WASHINGTON -- A new book due in stores later this week about Microsoft's behavior in the high-tech industry contains tough charges involving the world's most powerful software company. But most of its action takes place years before the focus of the government's current antitrust case.
Among the items raised in The Microsoft File, The Secret Case Against Bill Gates: allegations that IBM found listening devices in its hotel room in 1989 the night before an important meeting with Microsoft, and questions about whether Bill Gates destroyed documents during government investigations of the early 1990s.
"We expect that bookstores will want to position this in their 'fiction' section," Microsoft spokesman Greg Shaw said. "It does little more than rehash a lot of old issues that were thoroughly investigated. While it's interesting reading, it's certainly nothing new."
Gates himself is handled harshly within the pages of the $26 hardcover, described by unnamed rivals as "an ill-kempt, socially inept, scrawny, insecure, ruthless Lex Luthor." A particularly unflattering section suggests that Gates solicited a prostitute.
Author Wendy Goldman Rohm opens Chapter 4, for example, recounting Gates sitting in a restaurant with a woman so beautiful that "it hardly mattered she was paid."
Rohm, who covered the high-tech industry for the trade magazines PC Week and Interactive Week, explains in her introduction that Gates and other Microsoft executives declined her requests for interviews, saying the company's lawyers wouldn't allow it.
In another chapter, former Novell Inc. Chairman Ray Noorda -- whose rivarly with Gates is notorious within the industry -- is quoted as calling his chief competitor "that little sissy" and deriding him as "Pearly Gates."
Much of Rohm's book is historical, and is therefore only peripherally relevant to Microsoft's current troubles. The government's pending antitrust lawsuit, for example, is covered only in the book's final 18 pages, and she gives short notice to many of the specifics of the government's case.
She criticizes the government's investigations of the company as "fumbling" and "circuslike."
Her most sensational allegations surround two events that both happened years ago.
Rohm alleges that during a computer trade show in Nevada in 1989, then-IBM executive James Cannavino discovered three tiny listening devices planted in his hotel room.
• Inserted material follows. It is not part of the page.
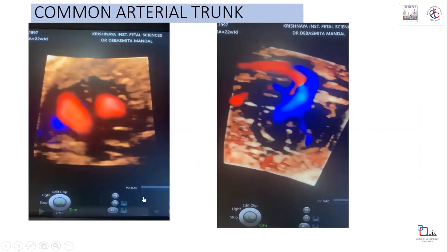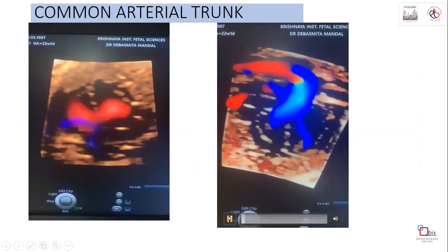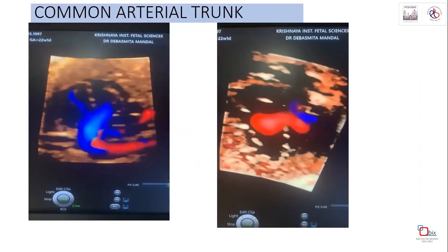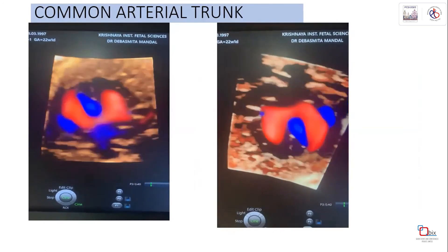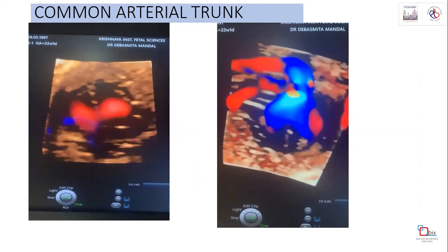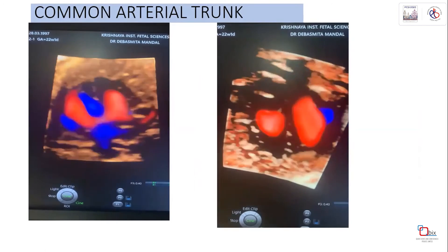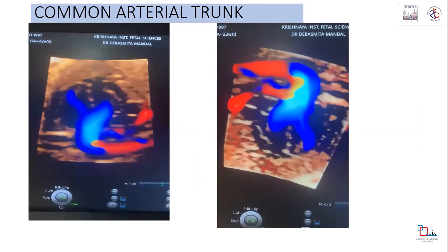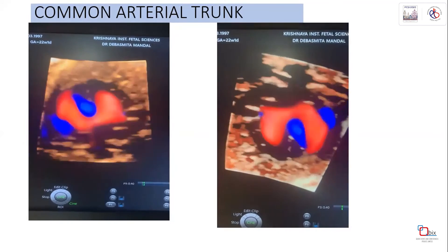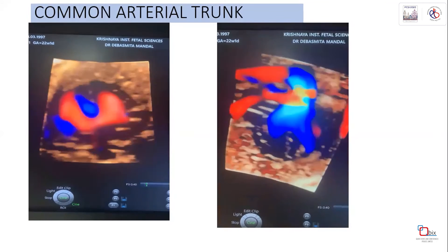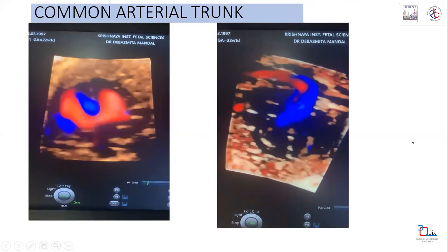This is a rare case of common arterial trunk (truncus arteriosus) diagnosed with 4D color Doppler. The color was imposed on the 4D dataset, revealing that the pulmonary artery was arising above the truncal valve - something that could not be determined on 2D imaging despite significant effort. Only after adding color Doppler with 4D was the diagnosis of common truncus confirmed.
That was just prior to a meeting with Gates about Microsoft's pledge of support for IBM's rival operating system, OS2 (although Gates then threw his support for his own product, Windows).
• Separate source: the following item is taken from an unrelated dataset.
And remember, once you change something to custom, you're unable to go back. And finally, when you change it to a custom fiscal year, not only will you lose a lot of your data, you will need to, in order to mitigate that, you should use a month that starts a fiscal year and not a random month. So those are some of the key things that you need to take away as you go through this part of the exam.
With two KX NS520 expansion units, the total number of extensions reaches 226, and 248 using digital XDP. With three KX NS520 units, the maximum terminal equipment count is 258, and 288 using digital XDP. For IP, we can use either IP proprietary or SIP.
"We never attributed them to anybody," Cannavino, now chairman of Cyberspace Corp., told The Associated Press. "Hell, for all I know, every room in that hotel was bugged."
Rohm also raises questions about whether Microsoft destroyed evidence when it was under investigation by the Federal Trade Commission during the early 1990s. She alleges that a handwritten note by Gates was found in a stack of papers given to federal investigators. It read: "purge email."
The FTC told the AP last week that the agency won't comment about Rohm's book.
The Microsoft File was published by Times Books, Random House.